The boolean stream function flip samples all occurrence of x according to a local stream yes. According to the type system [3, figure 5], it has clock ∀α.∀X.α→α on X, as the following derivation shows:

    |- true : s
    _________________________________________________________________________
    |- clock yes = true : (m:s)
    _________________________________________________________________________
    [yes : (m:s), x : s] |- x when yes : s on m
    _________________________________________________________________________
    [x : s] |- x when yes where clock yes = true : s on m  (m not in [x : s])
    _________________________________________________________________________
    |- node flip (x) = x when yes where clock yes = true : [flip : s->s on m] 
    
    Gen([],s->s on m) = ∀s∀m.s->s on m 

The opposite stream function flop, below, can also be given type ∀t∀n.t-> t on n.
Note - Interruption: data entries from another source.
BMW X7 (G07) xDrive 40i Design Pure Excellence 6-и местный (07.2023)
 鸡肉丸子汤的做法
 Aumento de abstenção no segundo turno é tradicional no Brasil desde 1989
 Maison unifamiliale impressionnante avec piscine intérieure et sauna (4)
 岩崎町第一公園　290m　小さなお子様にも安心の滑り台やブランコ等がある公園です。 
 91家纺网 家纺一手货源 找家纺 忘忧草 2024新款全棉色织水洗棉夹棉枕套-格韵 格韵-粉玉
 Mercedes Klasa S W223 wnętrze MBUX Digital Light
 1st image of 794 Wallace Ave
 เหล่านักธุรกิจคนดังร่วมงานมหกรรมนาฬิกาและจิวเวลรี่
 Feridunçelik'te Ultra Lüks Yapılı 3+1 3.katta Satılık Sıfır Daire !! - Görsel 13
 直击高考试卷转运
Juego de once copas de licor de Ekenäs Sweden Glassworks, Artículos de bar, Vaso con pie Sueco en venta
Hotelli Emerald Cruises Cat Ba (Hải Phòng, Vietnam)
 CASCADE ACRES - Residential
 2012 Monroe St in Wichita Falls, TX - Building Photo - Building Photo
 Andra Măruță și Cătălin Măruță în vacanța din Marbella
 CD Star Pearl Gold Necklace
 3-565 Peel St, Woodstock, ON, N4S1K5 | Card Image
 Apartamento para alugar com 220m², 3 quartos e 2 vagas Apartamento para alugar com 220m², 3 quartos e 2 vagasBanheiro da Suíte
    node flop (x) = let x when no where clock no = false : [flop : ∀s∀n.t->y on n] 

Now, if we let H = [flip,:∀s∀m.s-> s on m,flop:∀t∀n.t-> t on n] then, by rule (Inst) in [3, Figure 5], we can assign the same clock to of flip and flop with the following type derivation

    u -> u on o ≤ ∀s.∀m.s->s on m    u -> u on o ≤ ∀t.∀n.t->t on n    
    ______________________________    ______________________________    
    H[x:s] |- flip : u -> u on o    H[x:s] |- flop : u -> u on o    H[x:s] |- x : s
    _______________________________________________________________________________
    H[x:s] |- flip (x) : u on o    H[x:s] |- flop (x) : u on o    
    ______________________________________________________________
    H[x:s] |- flip (x) + flop (x) : u on o
    ______________________________________________________________
(1)    H |- node sum (x) = flip (x) & flop (x) : [sum : u-> u on o]


Doesn't function flipflop deadlock or does this mean that it needs a buffer ?

I tried to figure this out by testing the example with the implementation of Lucid-Synchrone available on the web [2].  Actually, it behaves differently from what the paper says.  For instance, if we try to define function flip as above, the compiler says:

    "This expression has clock 'c but is used with clock (__c1:'d)"

It refuses to consider the assumption 'c as a sampled clock (__c1:'d) generated by the when operator. Shouldn't it infer (__c1:'d) instead ? However, if we add a clock declaration to do that: 

    let node sample (x, clock y) = x when y
    let node yes (x) = sample (x, true)
    let node no (x) = sample (x, false)
    let node yesandno (x) = yes x & no x

then the compiler replies:

    # lucyc -i yesandno.ls 
    val sample : 'a * bool => 'a
    val sample :: 'a * 'a -> 'a on ?_y0
    val yes : 'a => 'a
    val yes :: 'a -> 'a on ?_y0
    val no : 'a => 'a
    val no :: 'a -> 'a on ?_y0
    val yesandno : bool => bool
    val yesandno :: 'a -> 'a on ?_y0

and produces a Caml program. But there are so many clocks in it that I can't really figure out what it does. Instead, I looked as the user manual [1] to determine which of [2] or [3] to focus on. Concerning instantiation, page 67, it says something different:

    "The clock (carrier-clock : stream-clock) of a stream e means that e has value carrier-clock which has the stream clock stream-clock. The value may be either a global value (defined at top-level) or an identifier. This identifier is unique and is an abstraction of the actual value of e."

I don't understand how this uniqueness rule is specified in the paper [3] and, more generally, how it relates to type polymorphism.  Doesn't it instead refer to existential quantification ?  Also, in which cases does it apply in the implementation ?

In the end, I'm a bit confused and wonder whether polymorphism matters at all.  As long as one is not using streams of functions, doesn't a simple sub-typing rule suffice (to handle a base clock and samples "c on x") ? 

REFERENCES

[1] Marc Pouzet. Lucid Synchrone Release, version 3.0. Tutorial and Reference Manual. April 2006.

[2] Lucid-Synchrone v3.0b byte-code. URL http://www.di.ens.fr/~pouzet/lucid-synchrone/lucid-synchrone-3.0b.byte.tar.gz (md5 87ffdb559ad882a0d92a1213466c2a3c)

[3] Jean-Louis Colaço, Alain Girault, Grégoire Hamon, and Marc Pouzet. Towards a Higher-order Synchronous Data-flow Language. In ACM Fourth International Conference on Embedded Software (EMSOFT'04), Pisa, Italy, september 2004.